** Provided records **

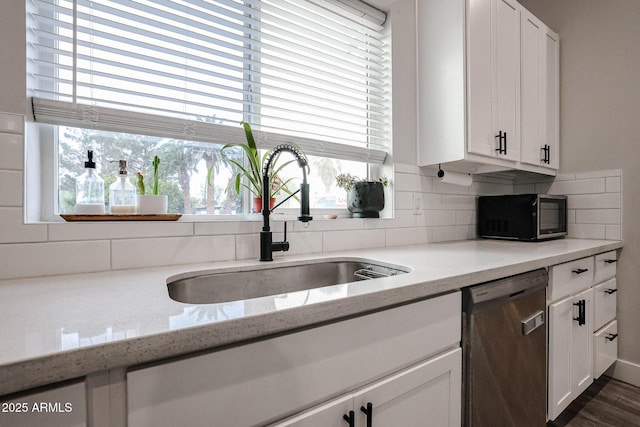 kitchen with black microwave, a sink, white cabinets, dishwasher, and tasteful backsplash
---
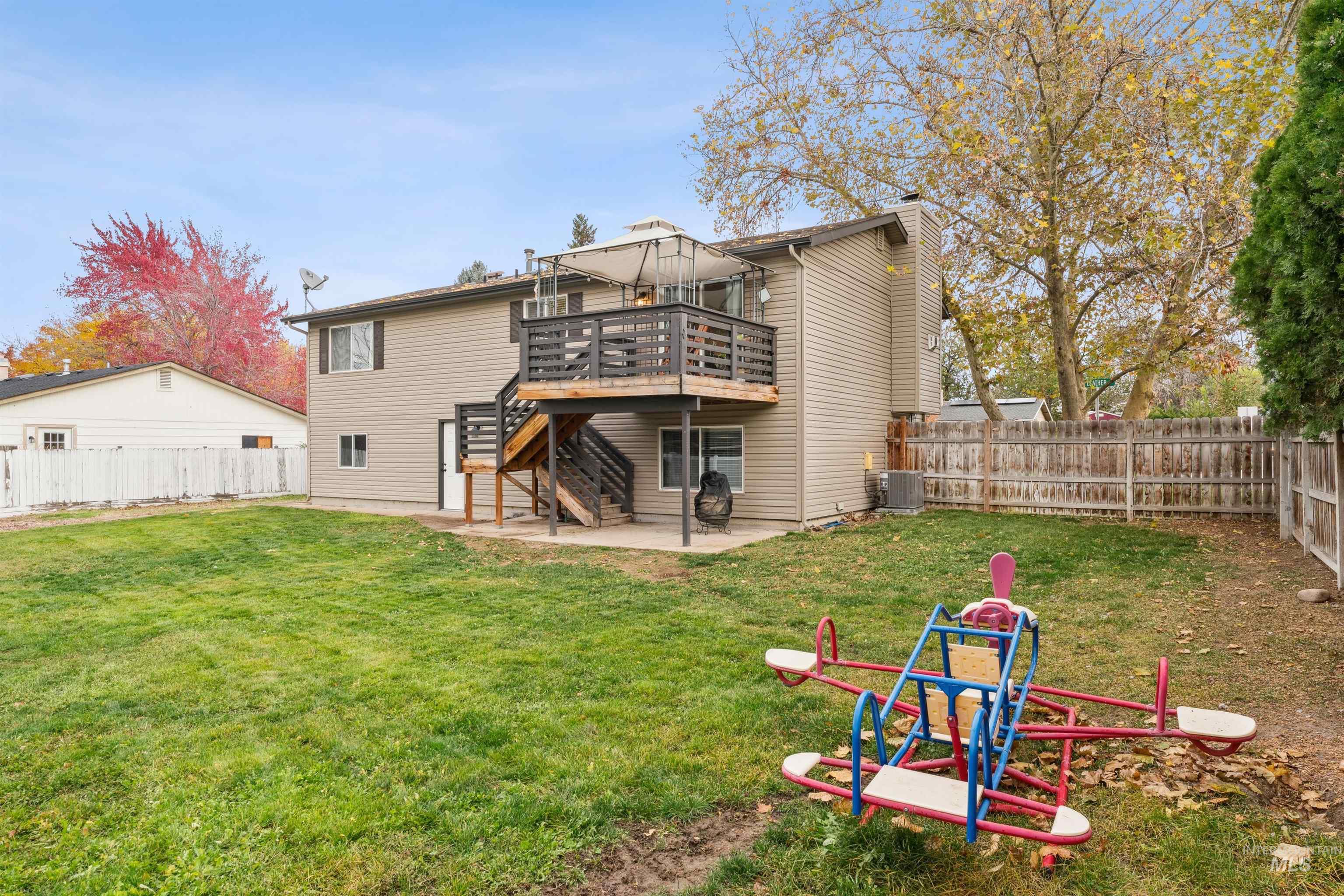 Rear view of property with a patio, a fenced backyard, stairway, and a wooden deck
---
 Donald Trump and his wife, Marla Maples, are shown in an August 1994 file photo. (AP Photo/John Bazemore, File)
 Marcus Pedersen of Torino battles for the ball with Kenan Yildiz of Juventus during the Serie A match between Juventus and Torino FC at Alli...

** Your instructions **
For this task, write out exactly the lines of the entries above, starting at the line with "Donald Trump and" and ending at the line with "Marcus Pedersen of", both included, and no others.

** Answer section **
 Donald Trump and his wife, Marla Maples, are shown in an August 1994 file photo. (AP Photo/John Bazemore, File)
 Marcus Pedersen of Torino battles for the ball with Kenan Yildiz of Juventus during the Serie A match between Juventus and Torino FC at Alli...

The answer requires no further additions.